Everything is starting to happen for me now and it makes me feel strong and excited like a new beginning on this life of mine. Anyway I wish you all the best and much happiness in all you do in your own lives but always remember to love you and be honest to yourself.

cheers! 

I have 6 LBS to…

I have 6 LBS to go before I hit my 10% mark and I will weigh 253. I still have a long way to go to reach my goal but I know I can do this this time. I feel I can do just about anything I set my mind to these days. I have also joined the YMCA but I have to make myself go there it would be much more fun if Jill would join with me but I know I shouldn’t need anyone to do that I should be able to do it myself but hey lets not kid ourselves its much more fun to work out with a friend than it is alone.

Im really trying hard to lose more weight before my birthday in July as I have planned a big party with my sister Shelley in Kalamazoo Michigan. Ill be turning 45 and what a better gift to myself is to be down 40 lbs by then. Its going to be a weekend Ill never forget I love that place. The Piano bar is absolutely awesome and the people I met last time there were super nice.

So hoping all goes well and i work my butt off Ill get to this goal too.

Hi Kids Its b…

Hi Kids

  Its been a while since I was last on here not because I didnt want keep you all posted but I have been busy trying to stay really focused on this weight loss. I have had a couple small gains nothing to get upset over and 2 weeks ago  I lost 3.4 that was a good week seeing as I thought I( would have gained because it didnt feel like I had lost anything at all. So it was a welcomed surprise at the scale that week.

I weigh in tomorrow morning so Im hoping for a loss again as Im just sitting at the 20lb mark and would like to lose alittle more before my birthday in July.

I have a great support system so it makes it fun and Im with my friend Jill alot too these day that is something I love doing.
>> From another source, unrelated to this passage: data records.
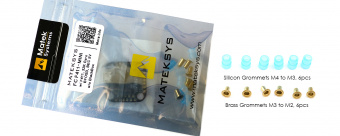 Полетный контроллер MATEKSYS F411-mini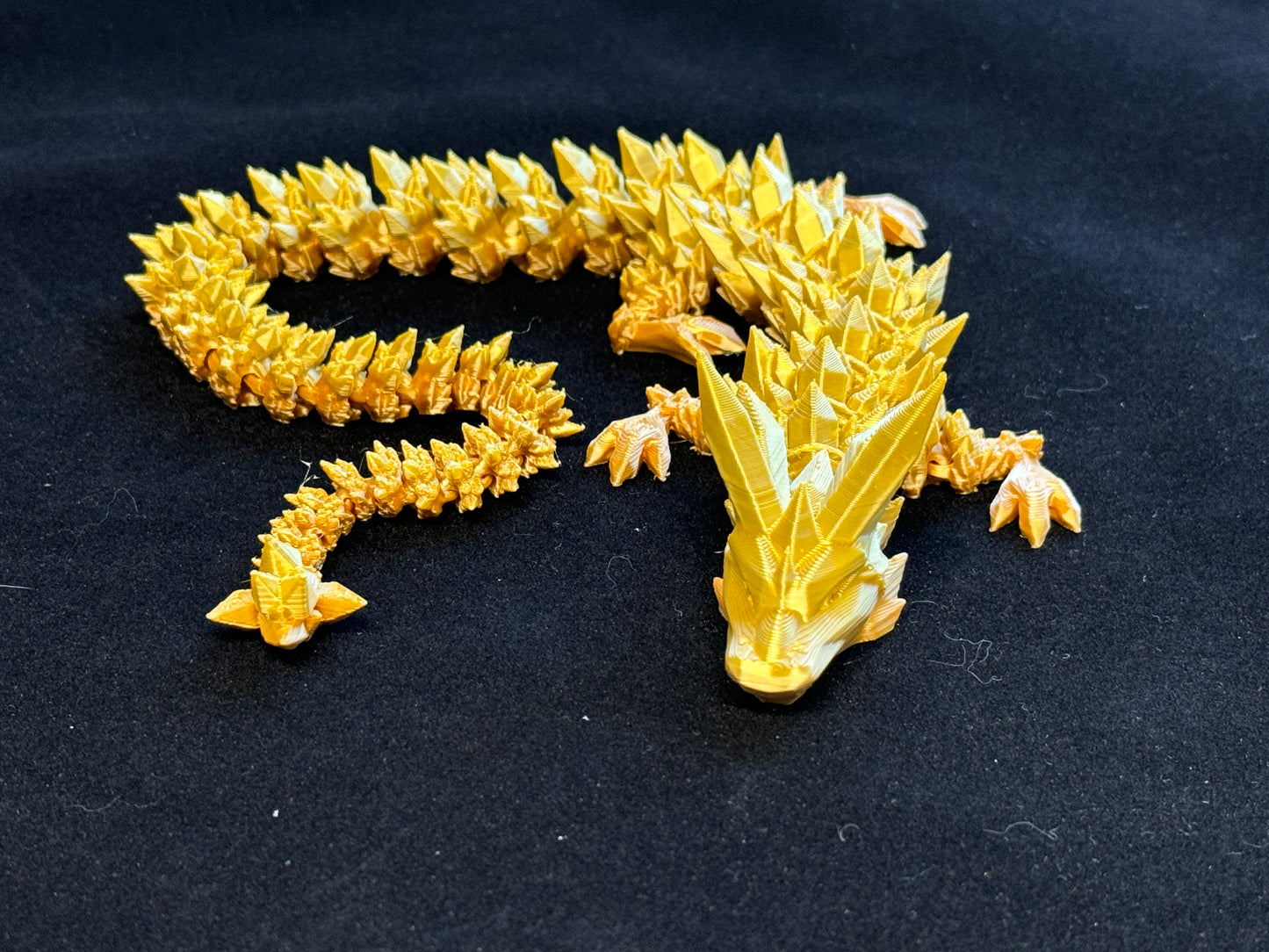 Year of the Dragon | Mystery Dragon & Egg | Articulated Dragon Figurine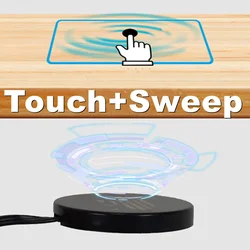 Sweep Dimmer Sensor Penetrating Switch 12V Wood Panel Touch Switch LED Dimmable Touch Sensing Hidden for Wood Home lighting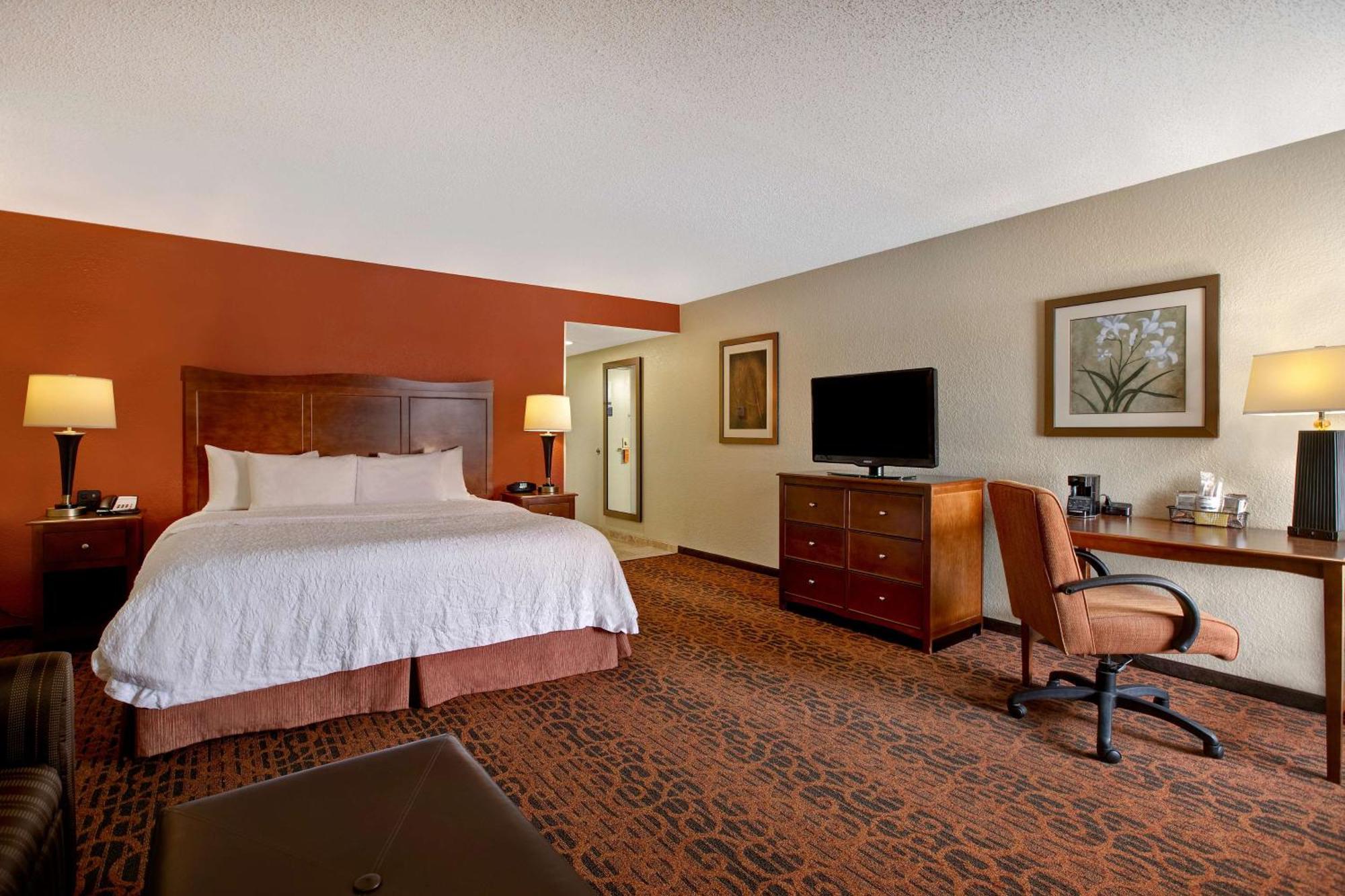 Hampton Inn Fort Wayne-Southwest Екстер'єр фото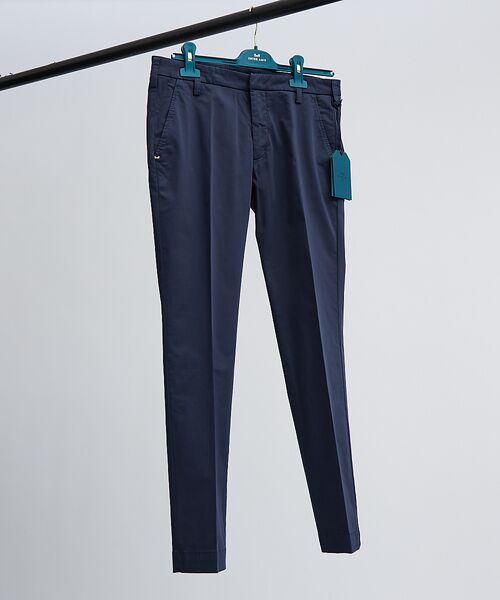 ABAHOUSE / アバハウス パンツ | 【entre amis】スリムフィット チノスラックス / 8188 | 詳細12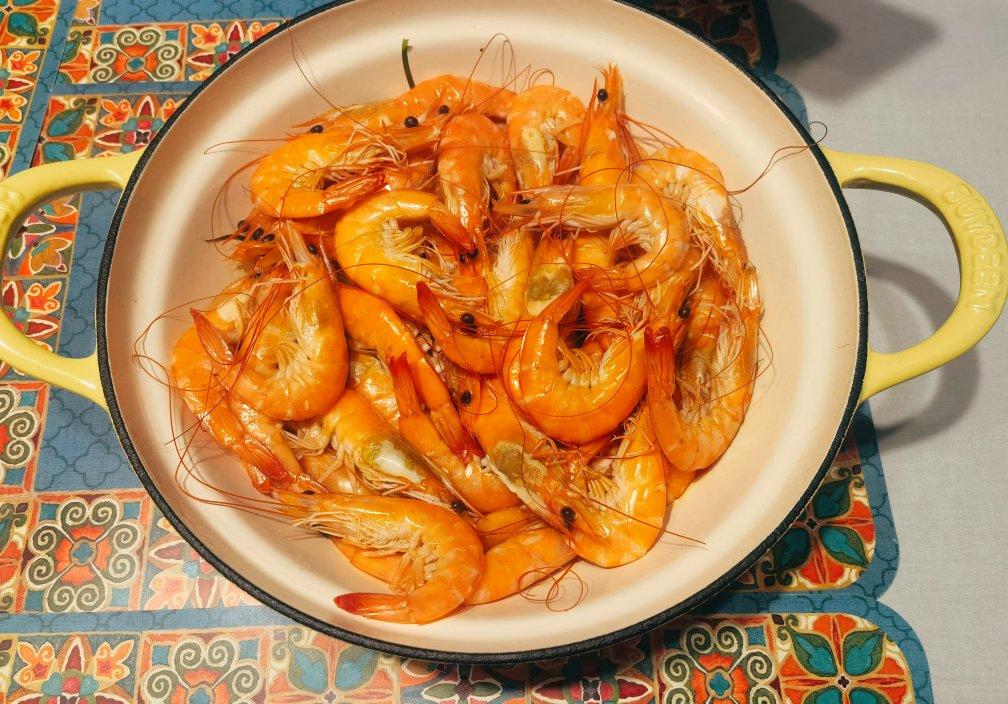 鲜焗小黄鱼【6月北鼎珐琅铸铁锅食谱】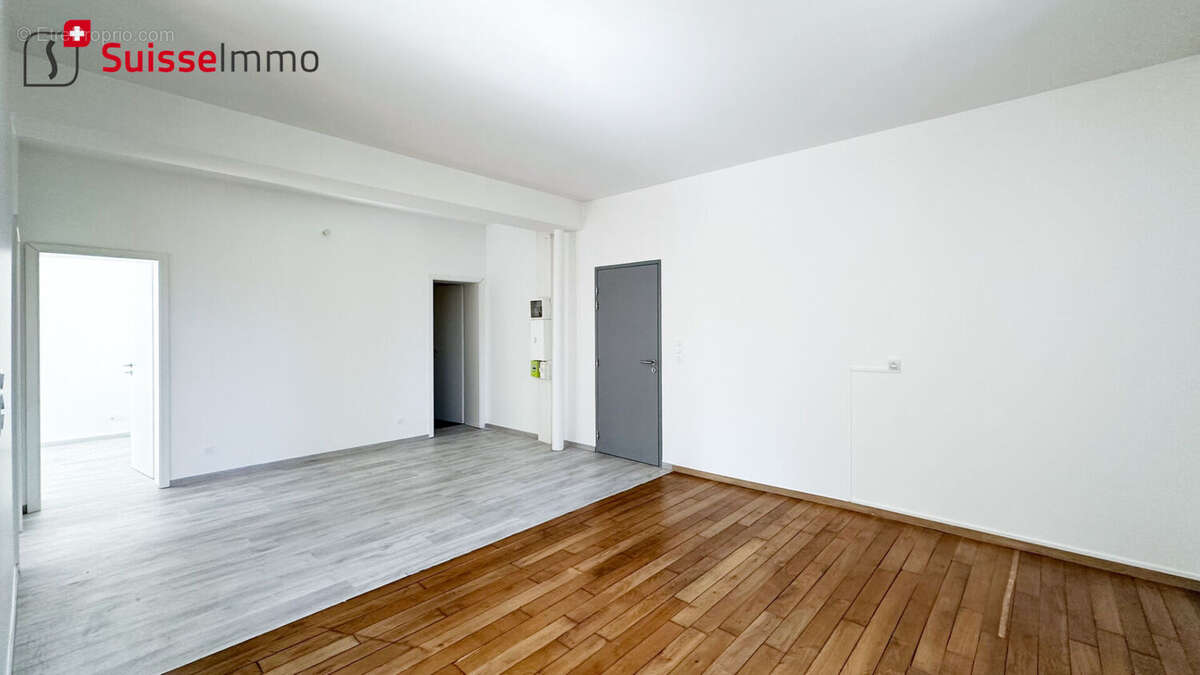 Appartement à HERICOURT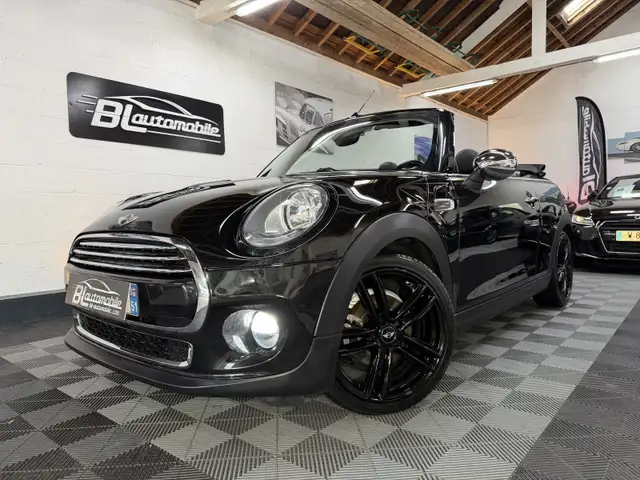 MINI Cooper E COOPER 136CH EXQUISITE BVA GPS - Caméra - Bluetooth - Sièges chauffants
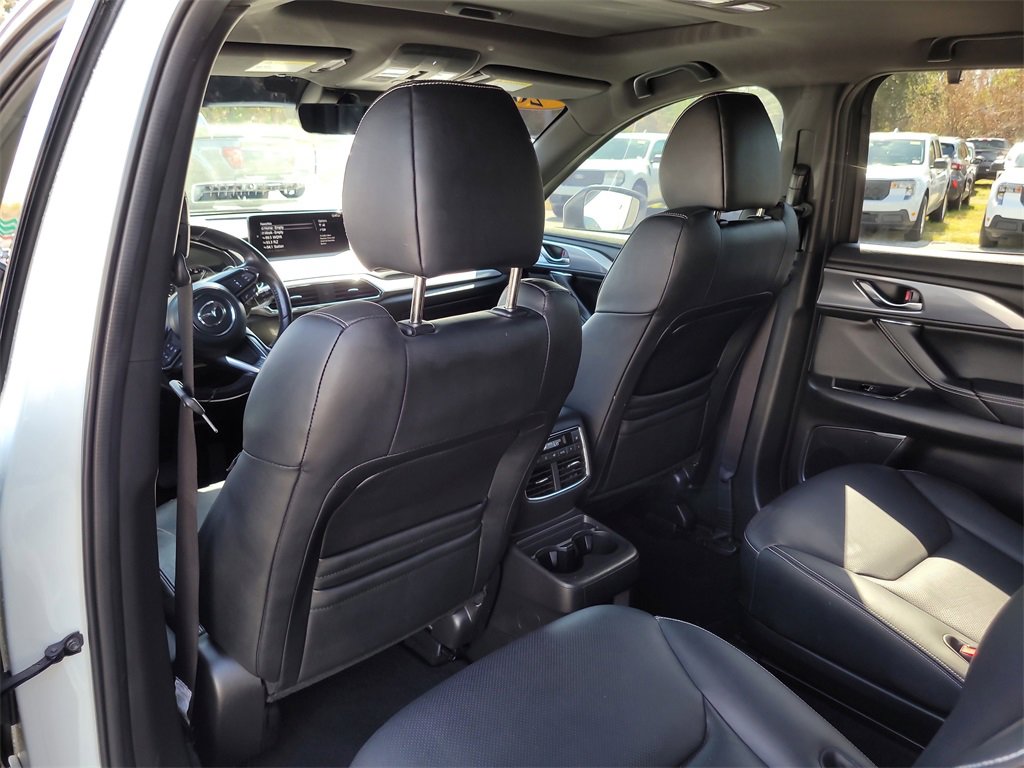 Used 2022 MAZDA CX-9 Grand Touring image 10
She makes me laugh and we have a lot to talk about most times so its never boring. I dont know what I would do without her friendship.

So Ill go update the weigh ins i missed and I will be back tomorrow to add tomorrows loss as well.

have a good night everyone and thanks for telling me that some of you do check up on this blog and to remind me to get back on track with keeping you all informed of my progress.

Cheers!!

Good Morning!

Its a beautiful Monday morning the sun is shinning, the birds are singing and Im happy to have been given another day to continue on in my journey. I have a lot to be thankful for, my children are the most important to me, and my family have been pretty supportive and for Jill. girl you make me laugh and never forget that I am a special person, you keep me focused and positive on many levels. The talks we have had mean a lot to me and I couldn’t ask for a better friend, so thank you for everything my dear friend 🙂

One thing I have to touch on today is the positiveness  I have this time around. I have this image of myself when I reach my goal and for some reason I strongly feel I can obtain that goal. Its along way down the highway of loss but along the way I hope to have the opportunity to meet a few other goals I have for myself. Starting college is something I have been looking into finding a career I would love to do for the next 25 years or so Im excited to get a jump on this.

All this is so new and real and very exciting for me. I’ll be 45 this summer and I feel that its never too late to start things to better oneself. To do something that you have always wanted to do but for whatever reason you didn’t but the time is here for great changes and to take hold of a new beginning is a great feeling. 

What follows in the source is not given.